It seems that nationalisation is all the rage these days. The takeover of Fannie Mae and Freddie Mac, if it does not put paid to the notion that housing finance is too important to be left to the private sector, at least suggests that it needs that proverbial 'heavy hand' of the state. And thank god – were Fannie and Freddie allowed to go under it would be baby-crunching time in markets throughout the world. Of course, it was a reluctant take-over, just as reluctant as the take-over of Northern Rock, and the Bush Government did everything it could to downplay the announcement of this momentous step.

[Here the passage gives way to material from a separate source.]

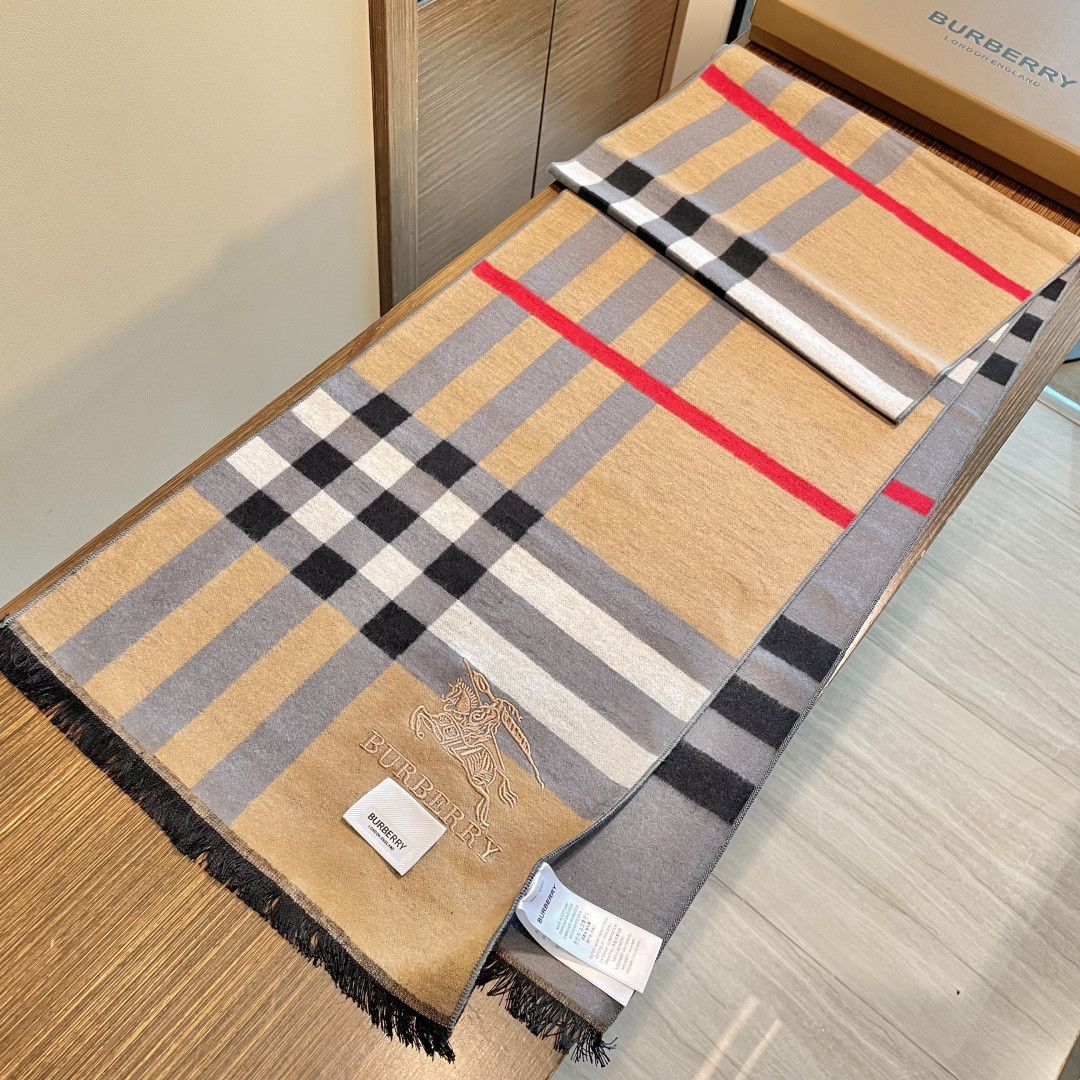 B**rry scarf 45x180cm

But not even announcing it on a Sunday, on the same day as the kick-off of the American football season, can bury this news.

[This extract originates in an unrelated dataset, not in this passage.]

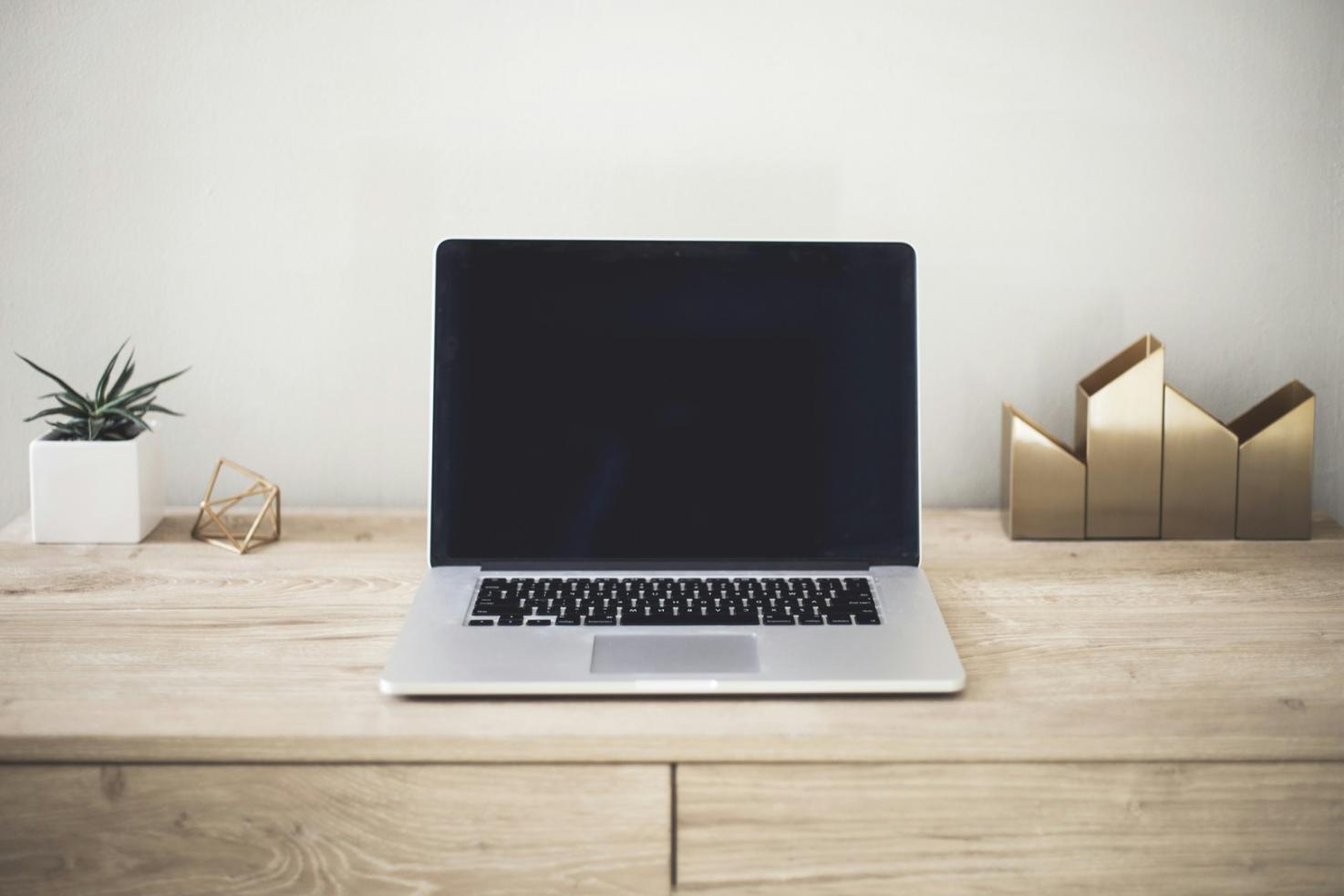 Ambiente di apprendimento moderno per corsi informatici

In our little realm, the Government has taken a much different and almost unique step: it has blamed the fortunes of the housing market on the people. Apparently the whole mess is our collective fault. This strategy could be rolled out on a number of fronts: Minister Hanafin could march up and down dole queues, barracking the unemployed – 'It's your fault'. Minister Coughlan could write to every enterprise that closes down – 'You've just been liquidated? It's your fault'. Master Batt O'Keefe could storm into those over-crowded classrooms in debt-ridden schools that use abacuses instead of computers and point the all-accusing finger to children: 'It's your bloody fault'. Okay, a risky strategy – but you gotta admit: it has chutzpah.
The fact is no political party stood up the middle of the feeding-frenzy in the property market, and there is little bold vision coming out now. In one sense, it's difficult to come up with a set of policies because once you start tinkering with one part of the market, something else pops up – so inextricably intertwined are property, housing, banking, finance, equities, employment and economic growth. You have to go back to first principles, and that means working your way back through a minefield. But let's try.

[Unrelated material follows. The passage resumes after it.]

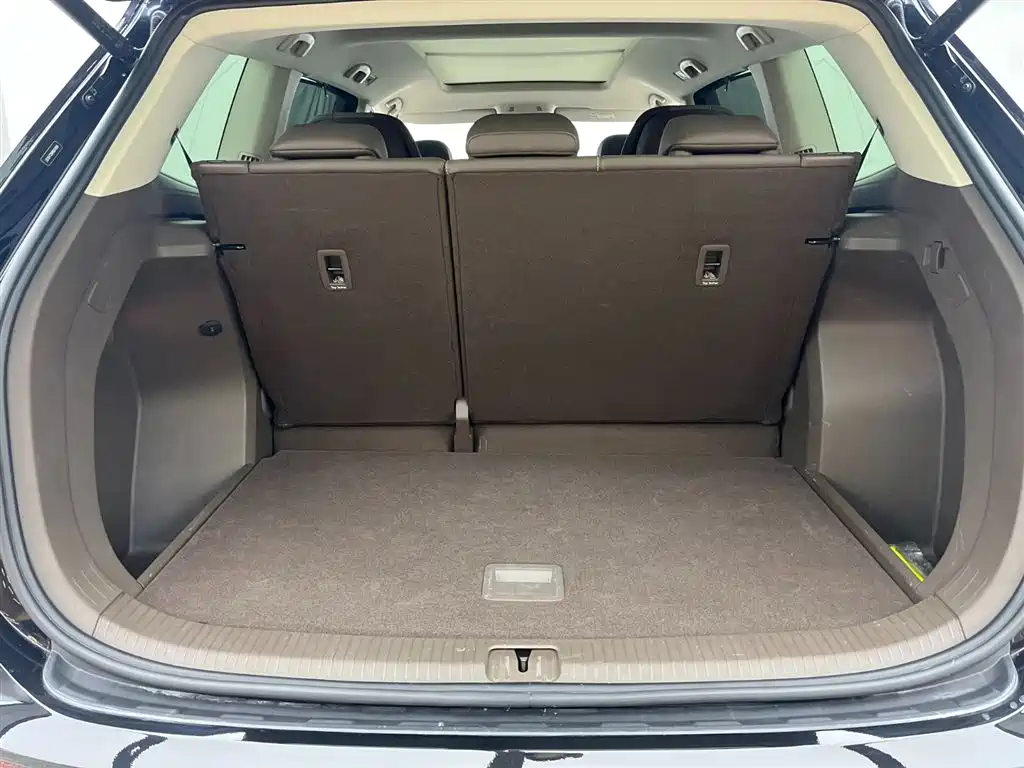 Volkswagen Viloran 2024 380TSI Executive Edition фото 12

First,in the short-term, though the Left is uncomfortable about letting the market do its thing, that's exactly what has to happen now. Property prices should be allowed to fall. Any attempts to stimulate new-house build would be perverse given the level of unsold housing stock (until this stock is largely sold off there's little hope of future sustainable new-build), and the level of construction activity must decline as a proportion of general economic activity – and that means fewer building workers.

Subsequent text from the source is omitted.